I've trying to do a backup from a remote host to a local machine via rsync using the following configuration:

Remote host (Red Hat Enterprise Linux ES3):

$ uname -srmpi
Linux 2.4.21-47.EL i686 athlon i386
$ cat /etc/redhat-release
Red Hat Enterprise Linux ES release 3 (Taroon Update 8)
$ rsync --version
rsync  version 2.6.8  protocol version 29

Local machine (Mac OS X 10.4.8, Intel):

$ uname -v
Darwin Kernel Version 8.8.1: Mon Sep 25 19:42:00 PDT 2006; root:xnu-792.13.8.obj~1/RELEASE_I38
$ rsync --version
rsync  version 2.6.8  protocol version 29

The backup is started from the local machine with root privs (using sudo), encrypted transport provided by SSH with public-key authentication; the invocation looks like this:

sudo rsync -e "ssh -i full_path_to_key_file" -avzx \
           --numeric-ids --delete --progress \
           [EMAIL PROTECTED]:/ /var/root/backups/example.com/

On the remote host, rsync logs in with root privileges and a forced command appears in the authorized keys file; logging shows that this is the actual command being sent to the server:

rsync --server --sender -vlogDtprxz --numeric-ids . /

Now, I think the SSH side of things is working fine because dry runs (with the -n switch) work fine but as soon as I try to do a real backup I always bail with an error like this:

Invalid file index: -1610612736 (count=9406) [sender]
rsync error: protocol incompatibility (code 2) at sender.c(169) [sender=2.6.8] rsync: writefd_unbuffered failed to write 4092 bytes [generator]: Broken pipe (32)rsync: connection unexpectedly closed (195901 bytes received so far) [receiver] rsync error: error in rsync protocol data stream (code 12) at io.c (463) [receiver=2.6.8] rsync error: error in rsync protocol data stream (code 12) at io.c (1119) [generator=2.6.8]

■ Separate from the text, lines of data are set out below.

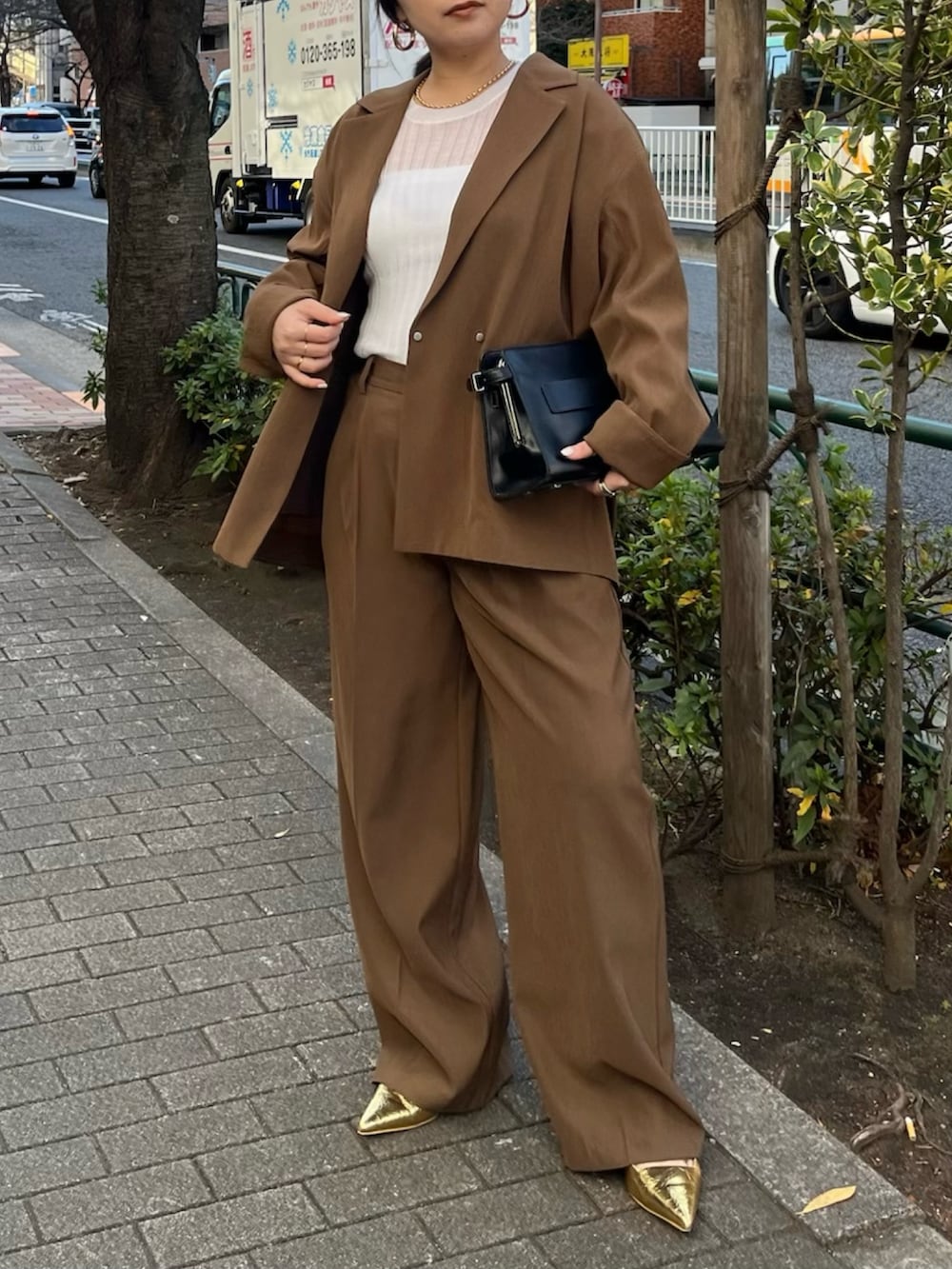 ブラウン系のテーラードジャケット、ブラウン系のその他パンツ、ゴールド系のサンダルを着用したレディースの冬コーディネートの2枚目の写真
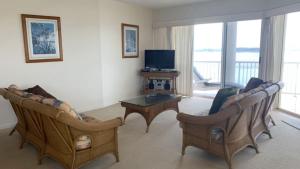 a living room with two couches and a television at Riviere Unit 718 in Golden Beach +8 photos
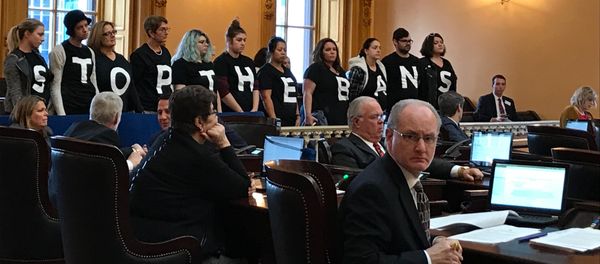 Abortion-rights activists stand in protest on Wednesday, Dec. 13, 2017, in the Ohio Senate chamber in Columbus, after passage of a bill banning abortions in cases of a Down syndrome diagnosis - Sputnik International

Sometimes the numbers are different (-1610612736, 1610612736 or 524288) but the error is always the same: an "Invalid file index" error and rsync subsequently dies.

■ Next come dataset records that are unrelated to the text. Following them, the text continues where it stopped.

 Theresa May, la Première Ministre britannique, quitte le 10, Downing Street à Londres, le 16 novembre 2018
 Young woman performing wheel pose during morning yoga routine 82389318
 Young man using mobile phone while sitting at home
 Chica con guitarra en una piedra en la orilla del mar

In a previous post to the list (http://lists.samba.org/archive/rsync/ 2006-June/015828.html) Wayne wrote this:

This number is exactly 0x60000000, so another possibility that comes to mind is that the byte-order messed up somehow. Look in byteorder.h and make sure that CAREFUL_ALIGNMENT is being defined on any system that uses most-significant-byte-first ordering.

I'm getting the same number (1610612736), and I also note that 524288 is a suspicious-looking number as well (0x80000). I don't think there is a byte-ordering issue at play here. The configure script correctly identifies the build machine as little-endian (i386) and even if I override things and set CAREFUL_ALIGNMENT rsync still bails with those invalid file index errors.

Some warnings were produced during the build but they all look harmless to me. Things like:

rsync.c: In function ‘sig_int’:
rsync.c:231: warning: unused parameter ‘val’

This is because __attribute__((__unused__)) is omitted on the Mac OS X builds because of a bug in GCC; incidentally, that bug is no longer present in the current version:

$ gcc --version
i686-apple-darwin8-gcc-4.0.1 (GCC) 4.0.1 (Apple Computer, Inc. build 5363)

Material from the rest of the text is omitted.